Oklahoman talks tough as he seeks to reform church

By Michael Paulson, Globe Staff, 9/29/2002


Governor Frank Keating of Oklahoma (left) with Bishop Joseph Galante of Dallas at a press conference after a June bishops' conference. (Globe Staff File Photo / Evan Richman)
Governor Frank Keating went to a Benedictine grade school, an Augustinian high school, and a Jesuit college. He calls himself an orthodox Catholic who prays daily, goes to Mass weekly, teaches Catholic religious education, and donates his honorariums to Catholic charities.

But when he thinks about his son-in-law, who is not Catholic, he is at a loss as to how he might persuade him to join the church he loves.

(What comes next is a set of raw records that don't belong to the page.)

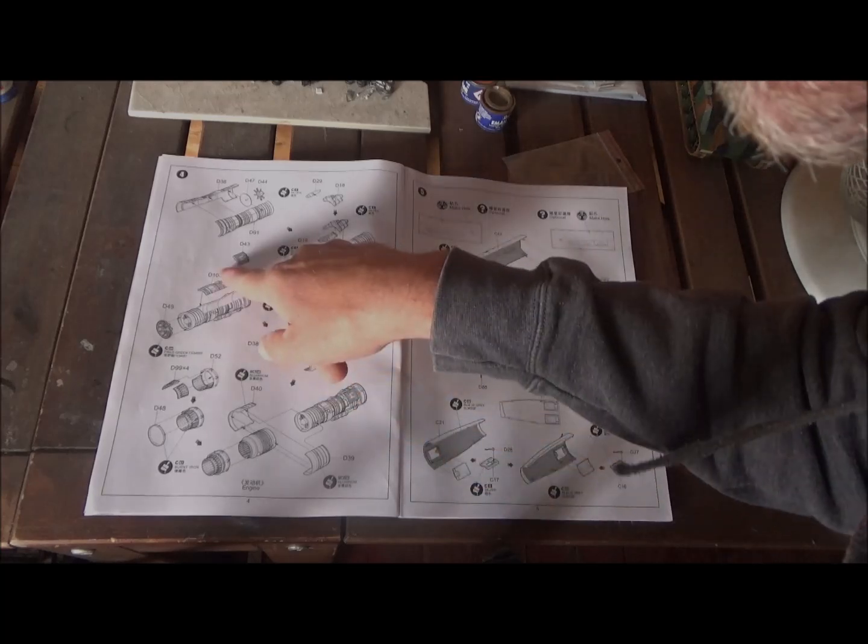Here we've got sprue C — you can see it's kind of bent because it wasn't sitting right in the box. The box should be about a centimeter wider or longer because it wasn't in there well. But once again, nice panel lines and good detail on these parts. Nice detail all around, really — there's no flash anywhere. The air brakes look nice. I'm not sure what some of these panels are for, but it must be part of the wheel bays.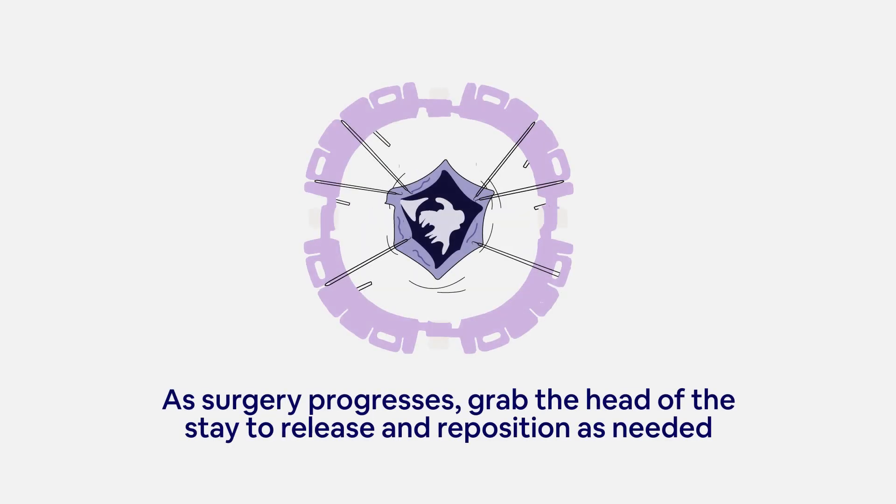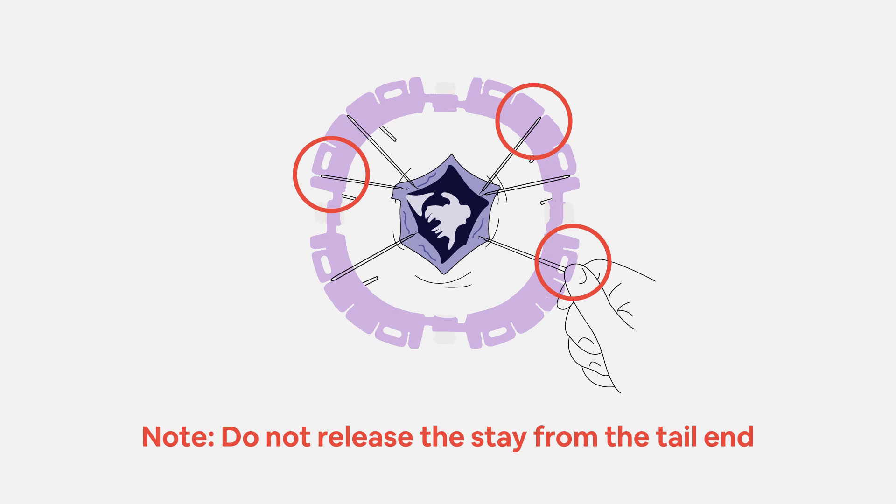As surgery progresses, grab the head of the stay to release and reposition as needed. Do not release the stay from the tail ends.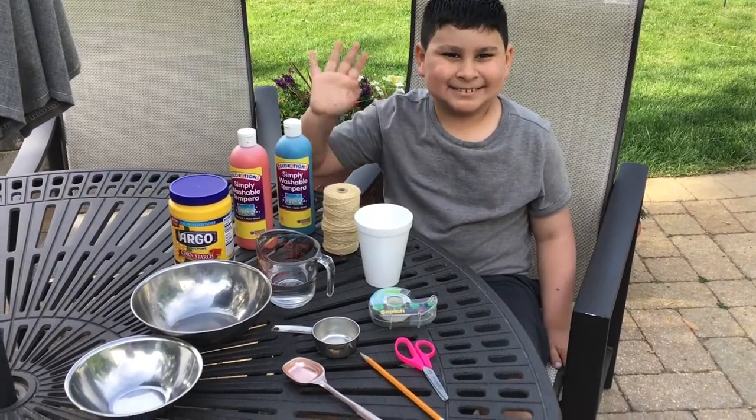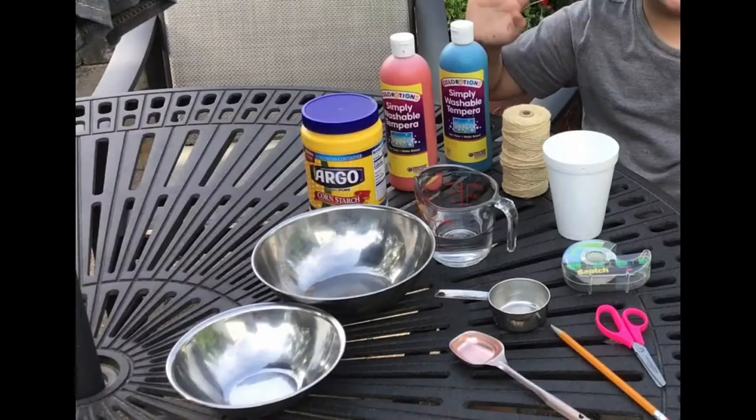Here are the supplies you will need for your pendulum painting: a foam or paper cup — we used a 12 ounce foam cup — string (any kind will work, we used twine), scissors, tape, two chairs, a broom handle or a pole, a bowl and spoon for mixing, and your DIY washable paint mixture: one third cup of cornstarch, one third cup of water, and a tablespoon of washable paint. Make sure your paint is washable, not acrylic or tempera paint. You may want to try a test spot on your surface to make sure it all washes away when you are done.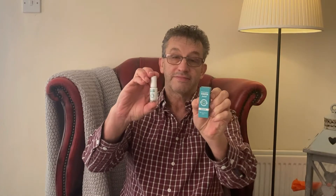Hi there, it's Steve here. I've recently started using this special effects tooth paint. What can I say, it's a great little product.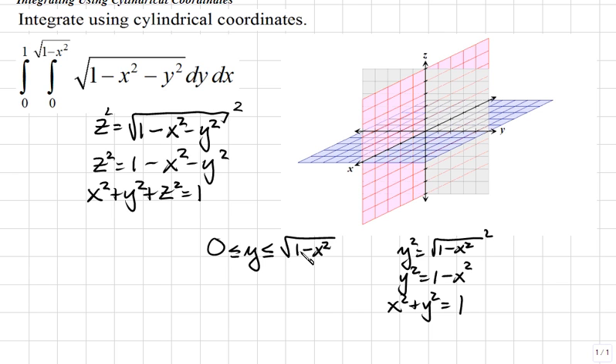Since we only have the square root of 1 minus x squared, we look at only the top half of the circle. The x values come from the outermost integral, going from 0 to 1. So x is between 0 and 1. To graph this region on the coordinate system, each four tick marks represent one unit on each axis.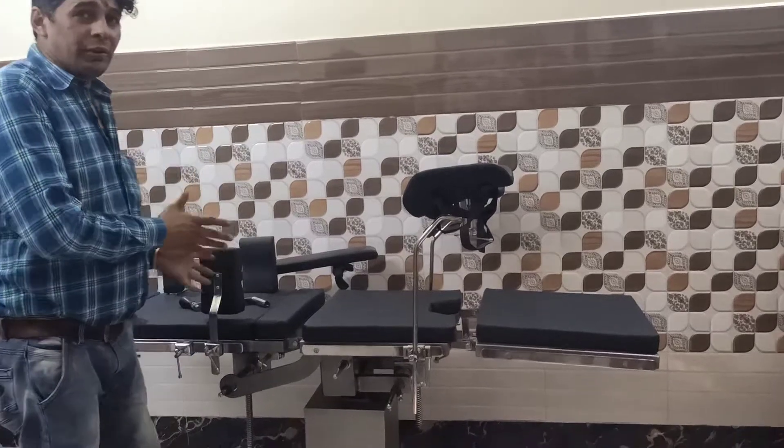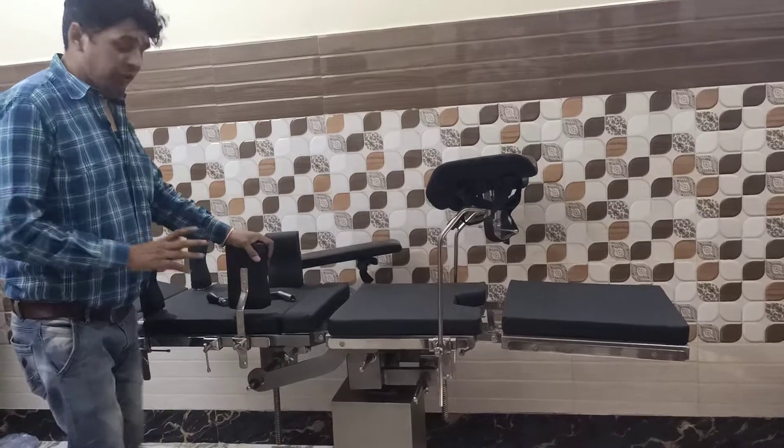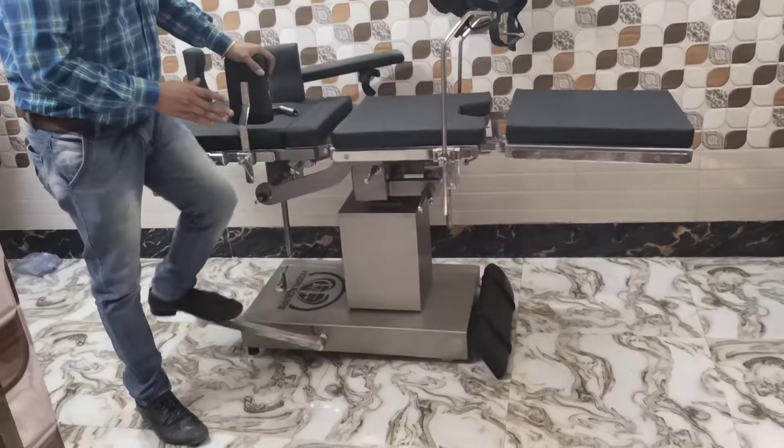For speed, let me introduce our hydraulic general surgery O.T. table. It is working with the hydraulic kick system.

"Even if I wanted to proselytize my son-in-law, how would I do it now?" Keating asks. "How could I talk about virtue, when there is this evil, black soil?"

Keating, 58, has led a long and eventful life of public service -- as an FBI agent, a local prosecutor, a state lawmaker, a US attorney, and as a top official in the Reagan and Bush administrations. He is now wrapping up his second four-year-term as an unusually popular governor of his home state.

But his current task is by far the most personal: He is trying to help save his own church.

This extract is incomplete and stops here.